Grants, funding key in sheriff candidates' plans
Law enforcement block grants targeted by Ruark, Davis
Both candidates for Barry County sheriff know whoever is elected, one thing is for certain, funding will be key to any new personnel or equipment.
For that reason, both have been researching grant possibilities, with the Missouri Office of Public Safety's law enforcement block grants taking the majority of the attention, but they are not the only ones.
Barry County Deputy Justin "Dave" Ruark, D-Cassville, said another grant, given by the U.S. Department of Justice's Office of Community Oriented Policing Services, may be a possibility.
"Those are used to hire or rehire 5 percent of the office's force for three years, with salary and benefits paid, then the county would have to pick up the fourth year," he said. "I'm looking into more grants and still need to do more research. Whether I am elected or not, this is valuable information, and if I do get elected, I want all my ducks in a row."
Former FBI Agent Gary Davis, R-Cassville, said he has done some research, but also still has more to do. Along with mentioning the law enforcement block grants as a possibility, Davis said there are other grants that may help with overtime pay and enforcement of driving while intoxicated laws.

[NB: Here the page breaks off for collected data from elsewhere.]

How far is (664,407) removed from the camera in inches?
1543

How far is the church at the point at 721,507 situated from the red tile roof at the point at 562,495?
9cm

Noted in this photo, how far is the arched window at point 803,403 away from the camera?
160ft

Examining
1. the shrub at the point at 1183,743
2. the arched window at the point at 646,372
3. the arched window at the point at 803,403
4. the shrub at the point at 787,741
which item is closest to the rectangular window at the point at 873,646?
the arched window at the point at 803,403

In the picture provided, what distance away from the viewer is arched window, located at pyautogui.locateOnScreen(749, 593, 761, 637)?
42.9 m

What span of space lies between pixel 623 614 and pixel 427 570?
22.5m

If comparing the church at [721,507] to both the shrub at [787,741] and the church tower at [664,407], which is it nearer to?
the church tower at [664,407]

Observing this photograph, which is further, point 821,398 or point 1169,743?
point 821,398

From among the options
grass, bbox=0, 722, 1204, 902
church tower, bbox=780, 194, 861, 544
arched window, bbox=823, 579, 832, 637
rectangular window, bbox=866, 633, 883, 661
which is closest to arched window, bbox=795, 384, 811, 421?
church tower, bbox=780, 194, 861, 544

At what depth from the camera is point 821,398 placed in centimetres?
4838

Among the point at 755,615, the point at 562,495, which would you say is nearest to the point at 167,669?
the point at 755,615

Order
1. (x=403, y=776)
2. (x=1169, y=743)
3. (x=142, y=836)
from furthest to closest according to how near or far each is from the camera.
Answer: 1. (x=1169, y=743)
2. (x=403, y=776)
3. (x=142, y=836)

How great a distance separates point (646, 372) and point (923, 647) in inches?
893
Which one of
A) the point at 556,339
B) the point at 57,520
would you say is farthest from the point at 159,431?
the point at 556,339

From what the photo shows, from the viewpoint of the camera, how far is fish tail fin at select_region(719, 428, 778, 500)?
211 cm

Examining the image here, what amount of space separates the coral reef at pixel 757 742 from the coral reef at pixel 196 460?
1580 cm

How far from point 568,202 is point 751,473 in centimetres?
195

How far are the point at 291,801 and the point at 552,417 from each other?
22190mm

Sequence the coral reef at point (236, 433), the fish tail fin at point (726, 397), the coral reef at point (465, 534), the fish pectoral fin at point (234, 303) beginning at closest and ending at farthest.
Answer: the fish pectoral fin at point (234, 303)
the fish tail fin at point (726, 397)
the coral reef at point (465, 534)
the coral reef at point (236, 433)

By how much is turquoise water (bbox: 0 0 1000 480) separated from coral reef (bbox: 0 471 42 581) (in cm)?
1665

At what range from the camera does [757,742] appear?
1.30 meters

"The [High Intensity Drug Trafficking Areas] program, with our meth problem, is something we'd probably be in good position for," he said. That would fund overtime for narcotics enforcement in connection with the drug task force."
Davis said not many grants would increase personnel, but some would give money for training or overtime to reserves to fill in if deputies are tied up.
"There are a ton of grants to buy everything from apples to zebras, and all of them have strings attached," Davis said. "Some require a 5-10 percent match, and the question is, does that fit our needs."
Davis said there are a lot of little needs he would seek grant money for, all in an effort to better-equip and more safely-equip Barry County law enforcement.
"None of our patrol officers have cameras, so many have to take pictures of crime scenes for evidence with their cell phones," he said. "I had one deputy a couple weeks ago show me a photo of a footprint at a crime scene he had to take with his iPhone. It's simple things like that the public may never notice, but it makes us more effective."
Ruark said one thing he has continually said he plans to do is attack the drug problem, and he is seeking grant funding to help in that endeavor.
"I have spoken to two POST-certified individuals, one that has agreed to be a full-time narcotics officer, and another who has agreed to handle a K-9 unit," he said. "They would work as a team."
Ruark said the pair would be part of a restructure of the department, not adding to any current personnel.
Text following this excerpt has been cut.